Some of our gray rooms don't get much natural light, which means the gray makes it a bit dreary and I'd prefer a lighter or more vivid color in those rooms. It also means the actual way the rooms look depends on the color of the light bulbs--some are more yellow, some are closer to white.

I assumed the OP was talking about the exterior. (The exterior of my house is gray too, come to think of it. A light gray.)


----------



## swimmer_spe (Nov 7, 2017)

Flyover said:


> We've got a few gray rooms in our house. I don't mind them, and it's easy to find art to hang on the walls that doesn't clash. (When you've got lots of art on the wall you won't think "battleship" so much.)
> 
> Some of our gray rooms don't get much natural light, which means the gray makes it a bit dreary and I'd prefer a lighter or more vivid color in those rooms. It also means the actual way the rooms look depends on the color of the light bulbs--some are more yellow, some are closer to white.
> 
> I assumed the OP was talking about the exterior. (The exterior of my house is gray too, come to think of it. A light gray.)

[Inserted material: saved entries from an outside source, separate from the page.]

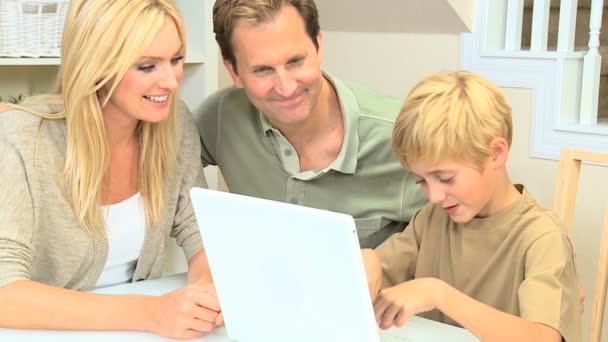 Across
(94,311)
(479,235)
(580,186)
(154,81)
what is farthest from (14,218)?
(580,186)

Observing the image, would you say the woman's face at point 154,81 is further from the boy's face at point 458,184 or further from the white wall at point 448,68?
the white wall at point 448,68

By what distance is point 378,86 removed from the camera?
252 centimetres

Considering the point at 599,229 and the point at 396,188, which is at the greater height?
the point at 396,188

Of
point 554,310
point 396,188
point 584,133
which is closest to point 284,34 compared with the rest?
point 396,188

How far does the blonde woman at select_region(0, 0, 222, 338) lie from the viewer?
4.24 feet

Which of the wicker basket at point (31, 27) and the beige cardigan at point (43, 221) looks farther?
the wicker basket at point (31, 27)

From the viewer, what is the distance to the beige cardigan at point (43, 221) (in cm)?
135

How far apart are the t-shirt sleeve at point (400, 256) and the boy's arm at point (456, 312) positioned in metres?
0.27

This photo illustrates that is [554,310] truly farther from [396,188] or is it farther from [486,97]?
[396,188]

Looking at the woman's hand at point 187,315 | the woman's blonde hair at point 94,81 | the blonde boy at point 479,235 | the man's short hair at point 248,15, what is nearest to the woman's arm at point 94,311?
the woman's hand at point 187,315

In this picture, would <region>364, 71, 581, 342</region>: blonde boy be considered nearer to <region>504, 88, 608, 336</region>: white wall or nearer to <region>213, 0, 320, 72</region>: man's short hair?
<region>213, 0, 320, 72</region>: man's short hair

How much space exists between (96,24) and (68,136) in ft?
0.64

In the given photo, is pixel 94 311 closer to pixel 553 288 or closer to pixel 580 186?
pixel 553 288

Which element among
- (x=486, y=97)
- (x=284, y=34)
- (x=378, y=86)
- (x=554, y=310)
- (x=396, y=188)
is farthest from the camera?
(x=378, y=86) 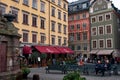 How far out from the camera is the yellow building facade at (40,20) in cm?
3397

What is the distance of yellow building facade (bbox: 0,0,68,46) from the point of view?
3397 cm

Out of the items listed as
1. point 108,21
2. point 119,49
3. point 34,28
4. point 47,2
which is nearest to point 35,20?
point 34,28

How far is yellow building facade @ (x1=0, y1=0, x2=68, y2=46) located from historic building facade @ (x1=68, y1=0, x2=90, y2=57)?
8408 millimetres

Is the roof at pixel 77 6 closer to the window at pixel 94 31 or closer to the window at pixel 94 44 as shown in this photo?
the window at pixel 94 31

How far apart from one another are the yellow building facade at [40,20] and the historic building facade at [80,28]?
841 centimetres

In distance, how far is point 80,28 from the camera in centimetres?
5800

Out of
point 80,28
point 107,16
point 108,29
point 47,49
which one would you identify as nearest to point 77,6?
point 80,28

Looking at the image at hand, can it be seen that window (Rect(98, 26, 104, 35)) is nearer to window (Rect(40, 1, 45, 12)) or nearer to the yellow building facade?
the yellow building facade

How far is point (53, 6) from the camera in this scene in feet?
147

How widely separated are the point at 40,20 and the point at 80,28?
19.7m

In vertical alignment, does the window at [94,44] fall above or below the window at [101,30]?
below

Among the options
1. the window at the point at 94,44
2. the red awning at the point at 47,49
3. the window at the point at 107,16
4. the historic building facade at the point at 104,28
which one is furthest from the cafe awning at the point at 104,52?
the red awning at the point at 47,49

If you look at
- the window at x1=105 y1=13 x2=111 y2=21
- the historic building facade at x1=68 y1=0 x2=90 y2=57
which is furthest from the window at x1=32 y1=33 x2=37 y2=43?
the historic building facade at x1=68 y1=0 x2=90 y2=57

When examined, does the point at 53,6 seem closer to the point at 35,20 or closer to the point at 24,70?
the point at 35,20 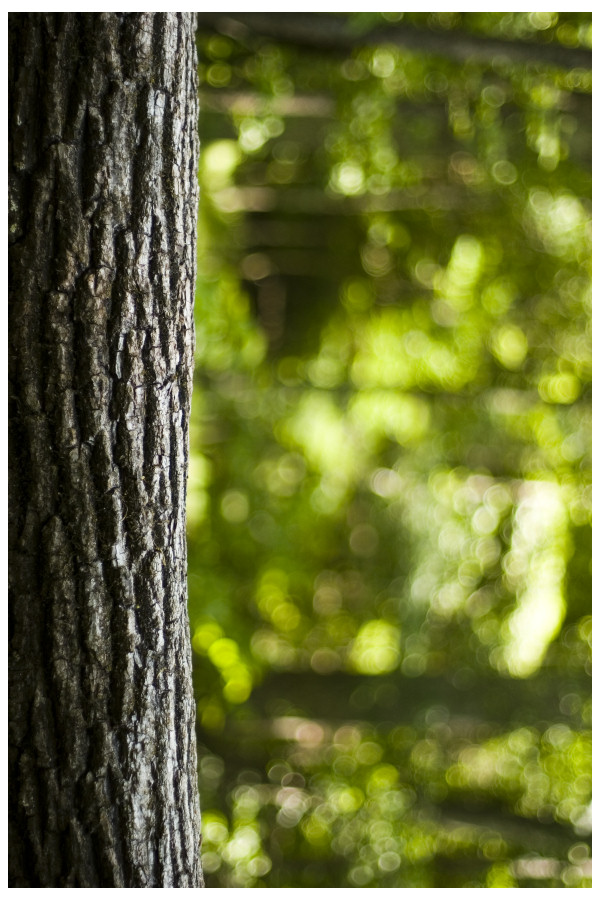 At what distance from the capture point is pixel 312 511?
159 inches

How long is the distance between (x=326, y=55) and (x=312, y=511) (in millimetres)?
2736

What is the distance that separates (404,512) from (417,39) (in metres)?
2.68

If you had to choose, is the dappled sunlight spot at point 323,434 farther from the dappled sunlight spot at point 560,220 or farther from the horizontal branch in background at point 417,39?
the horizontal branch in background at point 417,39

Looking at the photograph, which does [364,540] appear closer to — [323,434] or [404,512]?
[404,512]

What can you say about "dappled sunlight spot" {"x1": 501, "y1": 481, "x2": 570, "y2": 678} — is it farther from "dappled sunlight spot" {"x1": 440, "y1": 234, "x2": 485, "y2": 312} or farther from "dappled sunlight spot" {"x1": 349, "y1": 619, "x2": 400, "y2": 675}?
"dappled sunlight spot" {"x1": 440, "y1": 234, "x2": 485, "y2": 312}

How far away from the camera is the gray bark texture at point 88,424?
47.5 inches

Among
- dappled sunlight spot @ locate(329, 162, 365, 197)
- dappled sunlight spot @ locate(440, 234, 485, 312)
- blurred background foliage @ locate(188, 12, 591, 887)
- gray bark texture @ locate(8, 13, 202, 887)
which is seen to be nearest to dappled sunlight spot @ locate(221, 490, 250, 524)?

OP here, nope, I meant the interiors. You stated the exact thought. Itt looks dreary.


----------



## slownsteady (Nov 8, 2017)

There are a thousand shades of gray. if you think about it in terms of blending black and white, white being 0% and black being 100%.....battleship gray is probably about 50%. Try a 25% gray.


----------



## nealtw (Nov 8, 2017)

Oh sure another black and white issue.


----------



## swimmer_spe (Nov 8, 2017)

slownsteady said:


> There are a thousand shades of gray. if you think about it in terms of blending black and white, white being 0% and black being 100%.....battleship gray is probably about 50%. Try a 25% gray.



This isn't some poorly written novel on rape and torture.... and my home should not look like that either.


----------



## nealtw (Nov 8, 2017)

I think picking colours for houses is a kinda  gray area.


----------



## swimmer_spe (Nov 9, 2017)

nealtw said:


> I think picking colours for houses is a kinda  gray area.

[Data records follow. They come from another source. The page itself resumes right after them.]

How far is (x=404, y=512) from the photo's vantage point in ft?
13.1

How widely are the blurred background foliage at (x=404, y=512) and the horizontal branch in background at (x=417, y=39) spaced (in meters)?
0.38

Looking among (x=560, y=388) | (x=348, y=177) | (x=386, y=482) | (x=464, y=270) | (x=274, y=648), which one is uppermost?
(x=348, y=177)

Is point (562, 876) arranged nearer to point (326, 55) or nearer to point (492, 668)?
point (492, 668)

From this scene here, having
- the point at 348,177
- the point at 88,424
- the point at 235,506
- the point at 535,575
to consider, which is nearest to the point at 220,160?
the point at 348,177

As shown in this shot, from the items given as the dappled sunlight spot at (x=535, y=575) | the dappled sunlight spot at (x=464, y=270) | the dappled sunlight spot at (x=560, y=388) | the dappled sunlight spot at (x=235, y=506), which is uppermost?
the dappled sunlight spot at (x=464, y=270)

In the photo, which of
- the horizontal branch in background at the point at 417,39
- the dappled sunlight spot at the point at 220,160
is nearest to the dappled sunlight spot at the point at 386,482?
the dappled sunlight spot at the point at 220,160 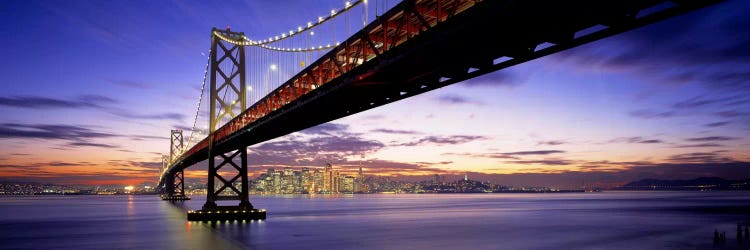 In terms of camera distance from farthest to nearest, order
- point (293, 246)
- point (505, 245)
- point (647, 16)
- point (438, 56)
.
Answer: point (505, 245)
point (293, 246)
point (438, 56)
point (647, 16)

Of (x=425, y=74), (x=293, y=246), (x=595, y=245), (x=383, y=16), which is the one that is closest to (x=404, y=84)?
(x=425, y=74)

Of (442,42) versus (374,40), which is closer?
(442,42)

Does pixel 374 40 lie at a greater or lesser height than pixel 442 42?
greater

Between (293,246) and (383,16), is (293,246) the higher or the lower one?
the lower one

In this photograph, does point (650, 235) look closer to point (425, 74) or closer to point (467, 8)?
point (425, 74)

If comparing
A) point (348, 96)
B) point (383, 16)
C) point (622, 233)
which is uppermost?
point (383, 16)

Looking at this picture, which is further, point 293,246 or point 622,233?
point 622,233

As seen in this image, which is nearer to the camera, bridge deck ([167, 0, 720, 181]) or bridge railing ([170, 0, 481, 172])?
bridge deck ([167, 0, 720, 181])

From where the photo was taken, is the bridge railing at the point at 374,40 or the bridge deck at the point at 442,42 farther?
the bridge railing at the point at 374,40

... well, so long as the end result is colours and not a greyscale.


----------



## nealtw (Nov 9, 2017)

You didn't have to be in the army to dislike drab green.


----------



## zepper (Nov 9, 2017)

swimmer_spe said:


> I have seen a few new model homes in my area. They all seem to be painted in various grey tones. I am ex-navy, so grey tones make me think off a ship...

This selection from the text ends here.